„Abrufbereiten Plan kaltblütig durchgezogen“

Keinen Amoklauf sieht Gerichtspsychiater Reinhard Haller in der Bluttat von Annaberg.
Feldkirch. Die Sprache des Verbrechens analysieren, ohne den Täter zu kennen. Auch darauf versteht sich Reinhard Haller. Im VN-Interview entwirft der Psychiater und renommierte Gutachter ein Psychogramm des Täters von Annaberg. Es geht um Aggression, Kaltblütigkeit und den Kampf gegen die Obrigkeit.
Herr Primar, was könnte der Auslöser für diese beispielslose Gewaltorgie gewesen sein?
Haller: Das ist sehr komplex. Da gibt es mehrere Gründe. Der Mann war hochgradig aggressiv, hat es aber verstanden, nach außen relativ unauffällig zu sein.
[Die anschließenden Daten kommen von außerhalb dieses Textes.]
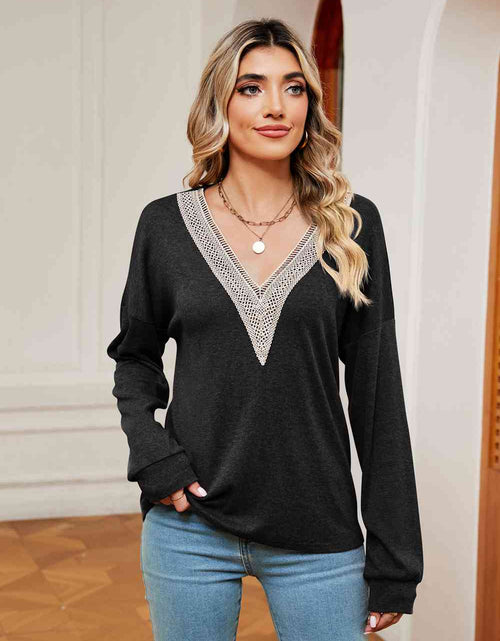 Load image into Gallery viewer, Contrast V-Neck Long Sleeve Blouse
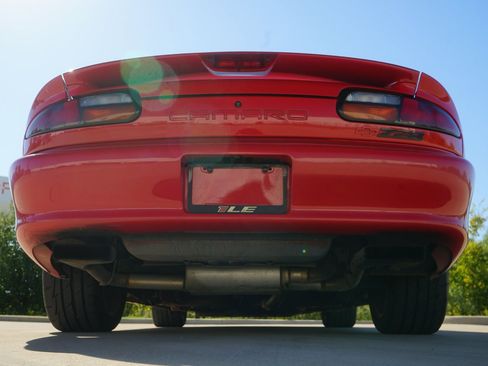 Used 1999 Chevrolet Camaro Z28 w/ Performance Pkg image 13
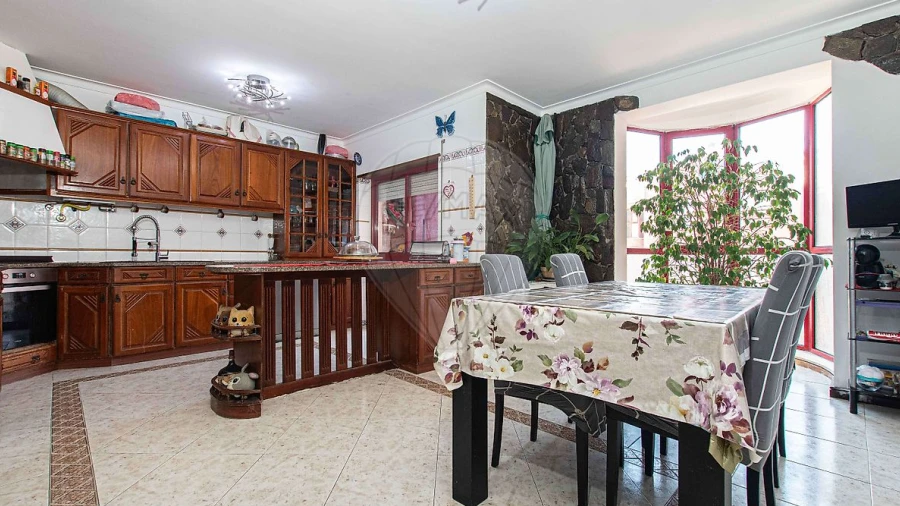 Moradia T3 para Venda em Santo Quintino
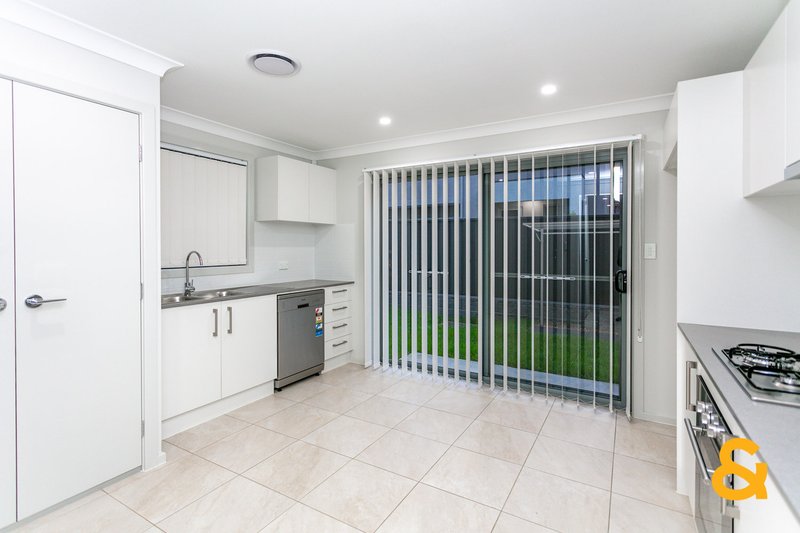 Photo - 5/22 Braddon Street, St Marys NSW 2760 - Image 3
Er konnte sozusagen die bürgerliche Fassade aufrechterhalten. Irgendwann hat er offensichtlich beschlossen, gegen die Behörden anzukämpfen. Da ist das Wildern an sich eine uralte Möglichkeit. Da hat sich dann im Laufe der Zeit ein Katz-und-Maus-Spiel entwickelt. Er wollte zeigen, dass er der Schlauere ist und nicht erwischt wird. Ganz sicher hat er sich auch überlegt, was zu tun ist, wenn er gestellt wird. Und als es dann so weit war, hat er das vorgeplante Szenario beinhart abgerufen und letztlich bis zum tragischen Ende kaltblütig durchgezogen.
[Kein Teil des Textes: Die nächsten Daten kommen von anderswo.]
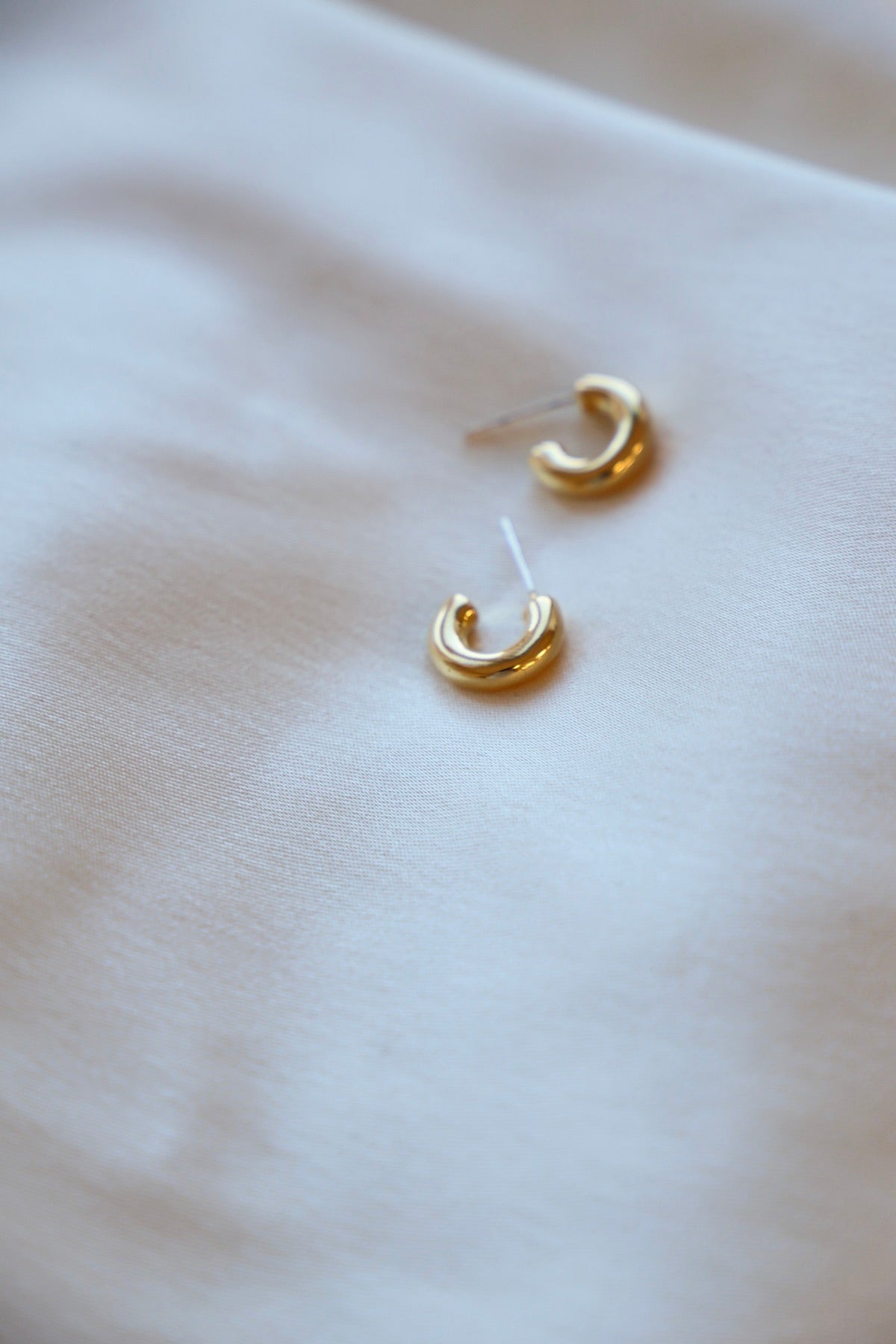  ONE AND ONLY MINI HOOPS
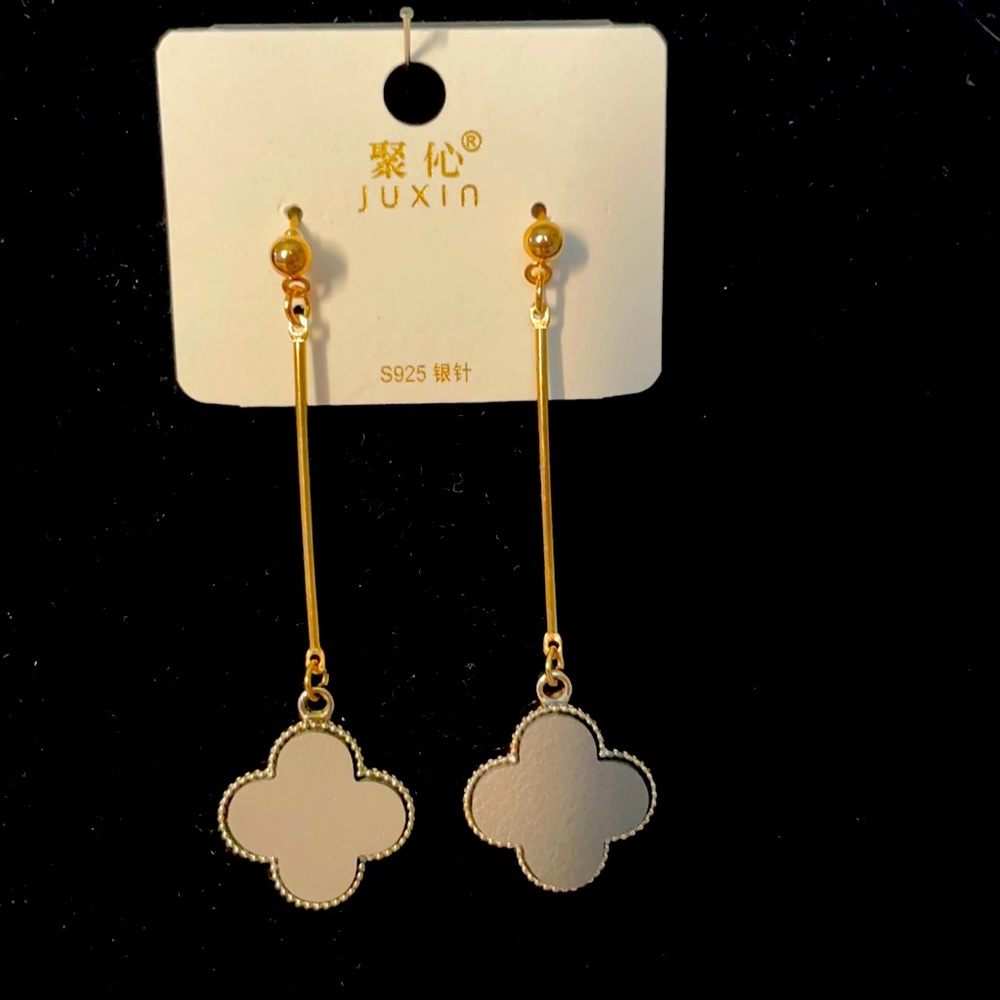 Cute Silver gold earrings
In den Medien wird von einem Amoklauf berichtet. Kann die Tat überhaupt als Amoklauf klassifiziert werden?
Haller: Meines Erachtens nicht. Der klassische Amokläufer rennt wie in einem Trancezustand durch die Straßen und knallt alles nieder, was sich bewegt. Das ist hier sicher nicht der Fall. Der Mann hat sich den Weg quasi freigeschossen und ist dabei sehr gezielt und kaltblütig vorgegangen.
Er hat aber auch einen unbewaffneten Rettungssanitäter erschossen.
Haller: Das Ganze war eine panische Situation. Der Mann hat auf alles geschossen, was für ihn Behörde und Vorschrift darstellt. Und da gehörte der Sanitäter dazu.
Am Ende hat sich der Täter angezündet und erschossen. Auf was lässt diese Art des Freitodes schließen?
Haller: Das zeigt den totalen Vernichtungswillen dieses Mannes. So in der Art: Von mir werdet ihr im wahrsten Sinne des Wortes nichts haben.
Sie haben als Gutachter schon mehrere Wilderer begutachtet. Was sind die Persönlichkeitsmerkmale solcher Menschen?
Haller: Sie haben ein sehr großes Aggressionspotenzial, einen starken Freiheitsdrang und eine querulative Art gegen alles, was Vorschrift und Obrigkeit betrifft. Beim jetzigen Täter sieht man sehr deutlich, dass es dabei ausschließlich um einen Machtkampf ging. Er hat die Tiere getötet und nur die Trophäe, die Siegesprämie mitgenommen. Das ist hochgradig symbolisch.
Haben Wilderer eine niedrigere Hemmschwelle, einen Menschen zu töten?
Haller: Ja, wenn man vertraut ist im Umgang mit Waffen und die Tötungsschwelle, die beim Menschen eigentlich sehr hoch ist, durch seine Tätigkeit schon kennengelernt hat. Das heißt jetzt aber natürlich nicht, dass alle Metzger und Jäger verkappte Mörder sind.